Thread pool Starvation caused by sync over async pattern #13061

Closed ShaneCourtrille closed 1 year ago

ShaneCourtrille commented 1 year ago

We are currently working with Microsoft to resolve issues we're seeing with our production environment using OrchardCore. They've identified a problem with thread starvation caused by sync over async code within the OrchardCore.Data.YesSql.OrchardCoreBuilderExtensions.AddData method associated with this line.

image

The problem I can see is there doesn't appear to be a way to fix this as there isn't a way to make the call in the service provider an async one instead but I'm wondering if anyone else has an idea?

MikeAlhayek commented 1 year ago

@ShaneCourtrille just wondering about few things.

How many tenant are you running on the same instance? Have you check for latency between your web server and the database server? Is your database server responding fast or is there an issue with the connection?

@sebastienros StoreFactory is part of YesSql. Any ideas?

sebastienros commented 1 year ago

Did you mean to point to this code (easier than a screenshot to understand the context)? https://github.com/OrchardCMS/OrchardCore/blob/88405ae068da60181141bfd7bf1a3f28e4b08742/src/OrchardCore/OrchardCore.Data.YesSql/OrchardCoreBuilderExtensions.cs#L105

They've identified a problem with thread starvation caused by sync over async code within the

Maybe they didn't (identify the problem). This code is a singleton initialization. It's blocking one thread, it's run on the first request that accesses the database, so probably the first request to warmup the website. Then it's gone, never called again. Unless you have tons of tenants and they are all started at the same time, and you have a lot of concurrent calls to your website, then it's not the reason of thread pool starvation.

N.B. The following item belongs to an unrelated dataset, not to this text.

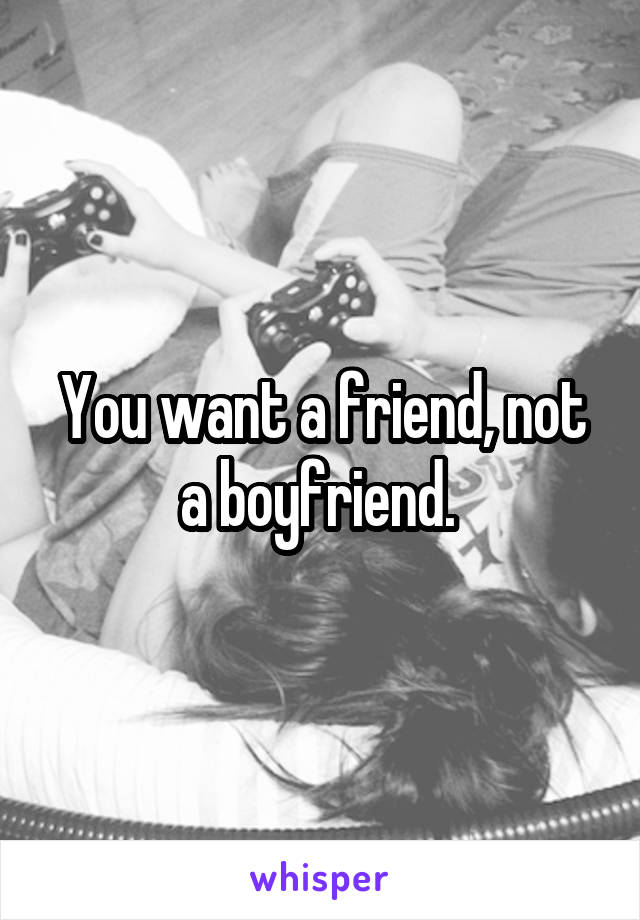 You want a friend, not a boyfriend.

I can understand how someone might get to this conclusion, GetAwaiter().GetResult() is a bad pattern in a lot of cases, but here it's fine. And also ASP.NET configuration/initialization is not async, so everyone has to do it if you need to load things from the database where most APIs are async.

At what point of the app lifecycle is the issue occurring. And what does the log say about incoming requests when that happens (what kind of code is run)?

ShaneCourtrille commented 1 year ago

@sebastienros I haven't forgotten about this but I think we'll be contacting you outside of GitHub before I respond.

ShaneCourtrille commented 1 year ago

I'm trying to get additional details from Microsoft as well to see if they are seeing a lot of these calls in the dump they've analyzed. I'm starting to wonder if this is a "cold start" problem when many requests across many tenants hit a brand new instance.

sebastienros commented 1 year ago

I'm starting to wonder if this is a "cold start" problem when many requests across many tenants hit a brand new instance.

You should know when that happens, if it's during startup or after a while when the site is already warmed up.

mbarsott commented 1 year ago

Hello, I work on Shane's team and I am looking into this issue too. I know we have seen the high CPU issue at startup, because we witnessed it during a deployment, but the high CPU seems to happen at random times, not only startup. It may be a different problem when it happens at other times, we are not sure. We do have lots of tenants, but I don't feel comfortable disclosing the exact number, it may be confidential information.

mbarsott commented 1 year ago

I have posted this on the Gitter Orchard Core forum: We have experienced some events of 100% CPU utilization on our Orchard Core based application, on Azure App Service Linux containers. I was provided NetTrace and Memory Dump files for analysis. I could not figure much from the NetTrace file, other than something in the Microsoft.Extensions.DependencyInjection module was using almos all CPU.

On the dump file, VS reported that Microsoft.Extensions.DependencyInjection.OrchardCoreBuilderExtensions.AddDataAccess.AnonymousMethod_0_1 was causing 47 threads to perform asynchronous work, but waiting on synchronous calls to System.Threading.ManualResetEventSlim.Wait. Also according to the VS report, this can cause thread pool starvation and application hangs.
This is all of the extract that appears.